Robert Rose, Executive Director, U.S. Fuel Cell Council:
"Fuel Cells and Hydrogen,
A Cost-Competitive, Low-Carbon Alternative"

Recent studies confirm a business case for fuel cells, enhanced by newly approved federal tax credits and grant opportunities.  Recent analysis identifies a significant environmental benefit.  Recent purchases confirm marketplace interest.  Do barriers remain, and what are developers doing to overcome them?  

About Robert Rose:

Robert Rose is founding executive director of the US Fuel Cell Council, the business association of the fuel cell industry. Established in 1998, the council has more than 100 members. Rose also founded the Breakthrough Technologies Institute, an independent nonprofit organization dedicated to promoting advanced environmental and energy technologies from the perspective of the public interest. BTI¹s fuel cell education program, Fuel Cells 2000, was launched in 1993 and is internationally recognized. In a career spanning more than 30 years in Washington, DC, Rose has served in senior communications and policy positions in the U.S. government, provided consulting service and advice to a wide range of public and private sector clients, written or edited several books, and appeared before Committees of Congress. Rose is the author of Fuel Cells and Hydrogen: The Path Forward, which outlines a public-private partnership to develop and commercialize fuel cells and a supporting fuel infrastructure. The Path Forward helped shape the fuel cell provisions of the Energy Policy Act of 2005. Rose has many other writing and speaking credits and is a regular media source.

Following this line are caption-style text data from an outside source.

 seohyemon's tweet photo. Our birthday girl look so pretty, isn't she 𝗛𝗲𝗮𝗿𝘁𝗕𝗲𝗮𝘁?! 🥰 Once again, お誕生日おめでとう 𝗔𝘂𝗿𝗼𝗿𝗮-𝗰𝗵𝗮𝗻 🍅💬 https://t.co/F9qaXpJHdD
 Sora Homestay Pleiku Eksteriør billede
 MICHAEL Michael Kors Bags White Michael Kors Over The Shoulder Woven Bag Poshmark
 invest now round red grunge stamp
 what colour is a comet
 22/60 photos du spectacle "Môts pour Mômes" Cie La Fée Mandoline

Rose is the 2004 recipient of the Fuel Cell Seminar Award, the most prestigious award of its kind in the U.S. Rose was a working journalist in New England before joining the staff of Senator Edmund Muskie of Maine. In the 1980¹s and 1990¹s he was a private consultant on environmental policy and communications.

Rose received his Bachelor's degree in English and Philosophy from the University of Nebraska in 1968.